No dia 9 de janeiro de 1822, Dom Pedro I, desobedecendo as ordens da Corte Portuguesa e à Revolução Liberal Constitucionalista, estimulado por uma petição assinada por mais de 8 mil pessoas, decidiu-se por ficar. A data é conhecida como “Dia do Fico”, isso por conta das palavras proferidas por ele: “Se for para o bem da nação e felicidade geral, digam ao povo que fico!”.

 

Dom Pedro I, que em 12 de outubro daquele mesmo ano viria a ser proclamado Imperador, alguns meses antes, exatamente no dia 3 de junho de 1822 (fazendo hoje 197 anos), convocou que todas as províncias do Império Brasil enviassem seus deputados a capital, na época o Rio de Janeiro, para juntos discutirem a formação de uma Constituição. O episódio, apesar de não ter se tornado feriado nacional, foi de grande importância para a formação da república.

 

O que se passou depois da convocação foi bem conturbado, e a assembleia só chegou a se efetivar em maio do ano seguinte, sendo historicamente considerada a primeira assembleia do Brasil.

 

Em Pernambuco, deu confusão porque os pernambucanos preferiam continuar por obedecer a Constituição de Portugal, já anteriormente submetida por João VI, pai de Dom Pedro I, nosso Imperador desobediente, que com a ideia de convocar a elaboração de uma nova constituição acabava por confirmar sua desobediência, mandando a corte do seu pai ao raio que o parta. Os pernambucanos desconfiaram do projeto. O resultado disso foi um tanto de chumbo e sangue.

 

Não foi diferente no Grão-Pará (atual Amazonas e Para), que nem chegou a mandar deputados ao Rio de Janeiro, pois a região amazônica encontrava-se vinculada comercialmente a Portugal, ou seja, aos revolucionários do Porto e ao papai de Dom Pedro.

 

A assembleia reuniu um total de 84 do total de 100 deputados que haviam nas províncias e foi um passo importantíssimo, pois hoje ela é reconhecida como sendo o início do poder Legislativo do país. Também foi importante para firmar a nossa independência, que apesar de nessa época já ter sido proclamada, demorou a se firmar como tal.

 

Com isso observa-se que a nossa política tem sido desde sempre a do “rabo preso” e da desobediência civil. Basta que definamos a onde o rabo está preso e a quem cada qual desobedece.
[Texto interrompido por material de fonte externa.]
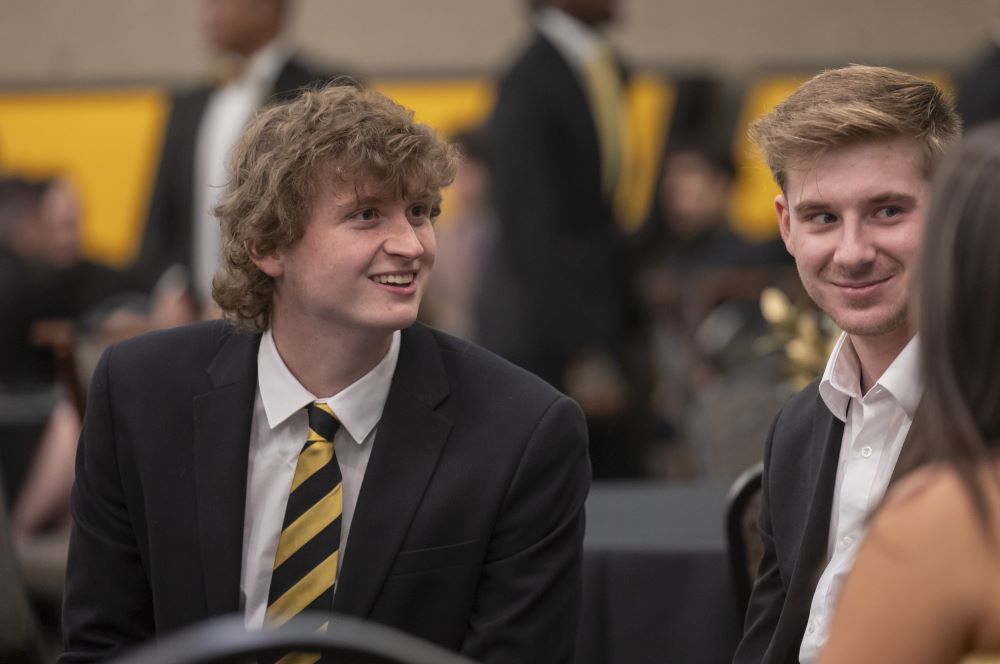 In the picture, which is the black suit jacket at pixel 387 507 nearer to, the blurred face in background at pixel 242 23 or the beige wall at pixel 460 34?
the blurred face in background at pixel 242 23

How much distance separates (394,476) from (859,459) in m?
0.61

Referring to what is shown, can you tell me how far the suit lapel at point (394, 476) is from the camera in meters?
2.02

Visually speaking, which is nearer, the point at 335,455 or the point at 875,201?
the point at 875,201

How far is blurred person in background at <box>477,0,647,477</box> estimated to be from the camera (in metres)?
4.69

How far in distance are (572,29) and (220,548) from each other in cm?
312

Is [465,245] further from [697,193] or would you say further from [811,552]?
[811,552]

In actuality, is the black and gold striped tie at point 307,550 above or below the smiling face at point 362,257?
below

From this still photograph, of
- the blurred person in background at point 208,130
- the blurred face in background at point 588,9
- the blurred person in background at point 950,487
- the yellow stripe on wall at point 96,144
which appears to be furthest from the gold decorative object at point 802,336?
the yellow stripe on wall at point 96,144

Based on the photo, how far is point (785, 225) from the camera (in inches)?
80.8

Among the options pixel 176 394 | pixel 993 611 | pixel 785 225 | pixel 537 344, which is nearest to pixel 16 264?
pixel 537 344

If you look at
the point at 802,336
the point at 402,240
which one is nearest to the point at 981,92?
the point at 802,336

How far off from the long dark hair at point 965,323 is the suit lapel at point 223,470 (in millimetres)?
1046

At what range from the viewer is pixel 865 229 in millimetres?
1926

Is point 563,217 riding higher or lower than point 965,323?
lower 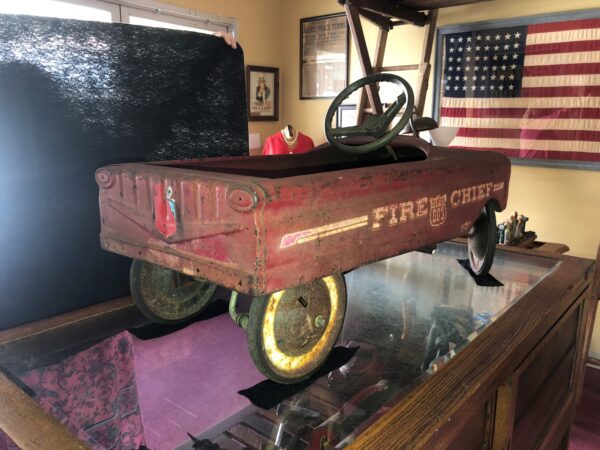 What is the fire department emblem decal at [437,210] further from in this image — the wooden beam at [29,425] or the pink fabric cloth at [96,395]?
the wooden beam at [29,425]

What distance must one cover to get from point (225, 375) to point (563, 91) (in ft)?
9.72

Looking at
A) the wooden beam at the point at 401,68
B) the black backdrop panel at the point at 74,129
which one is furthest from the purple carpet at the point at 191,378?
the wooden beam at the point at 401,68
Primeiro um monarca que se prende a revolucionários constitucionalistas, depois um outro que desobedece ao pai, e ainda as províncias que apesar de desejarem independência estavam presas à Portugal. 

 

Hoje, aparentemente a identidade do povo brasileiro está firmada, não mais somos um Império e nem dependemos das decisões tomadas do outro lado do Atlântico, no entanto, algumas coisas aparentam terem mudado muito pouco ou quase nada; os rabos continuam preso, e os políticos continuam a desobedecer a Constituição, a diferença é que naquela época não havia Constituição para desobedecer. Soma-se a isso que qualquer acontecimento mínimo que se passe nos bastidores dos partidos definem os votos e o futuro do nosso povo. Pergunto-me constantemente: quando o Brasil irá caminhar com suas próprias pernas sem que ninguém o esteja segurando pelo rabo? Se antes era a corte, as provinciais e a monarquia imperialista que seguravam o povo, hoje são os políticos da República..., mas e quanto a nós?  continuamos sedentos por um progresso que nunca vemos.